■ EXERCISE DIRECTIONS:
Copy, word for word, the lines of the listing below from the line with "Off-White White &" up to and including the line with "Keep it Wild Skinny Tumbler". Drop the pictures.

■ DATA FOR PROCESSING:
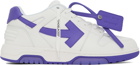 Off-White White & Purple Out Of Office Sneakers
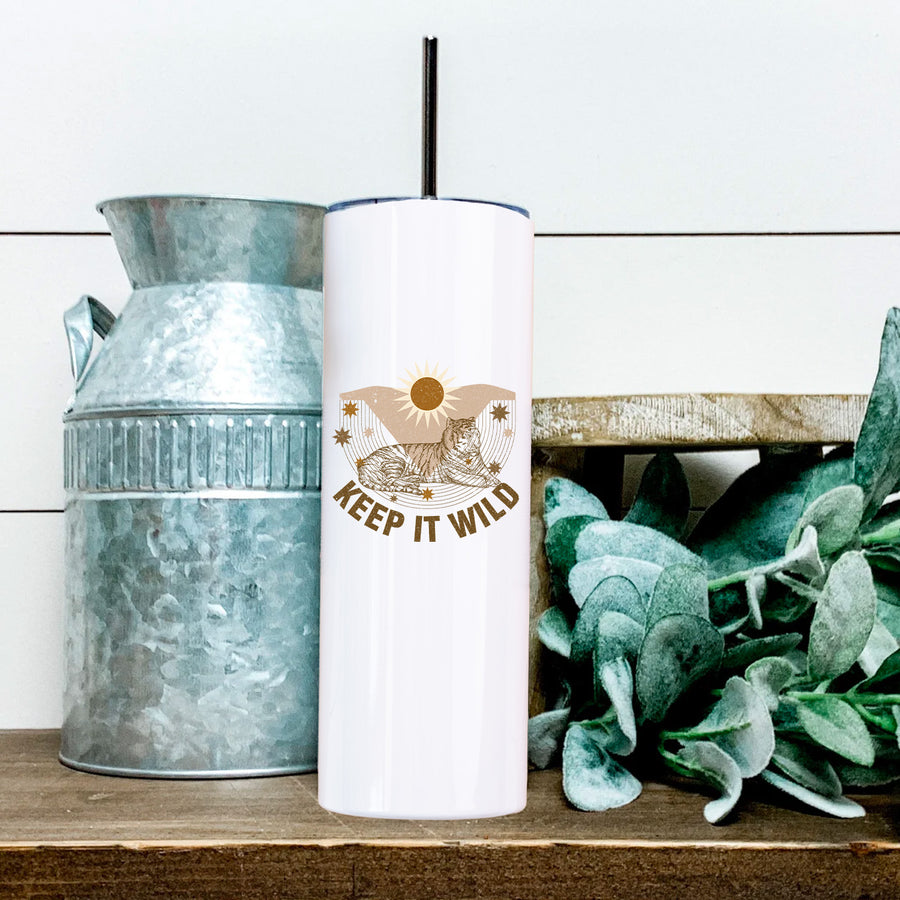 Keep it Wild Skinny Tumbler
==
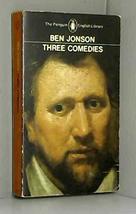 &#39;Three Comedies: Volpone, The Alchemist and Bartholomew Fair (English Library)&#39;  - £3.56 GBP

■ ANSWER SPACE:
 Off-White White & Purple Out Of Office Sneakers
 Keep it Wild Skinny Tumbler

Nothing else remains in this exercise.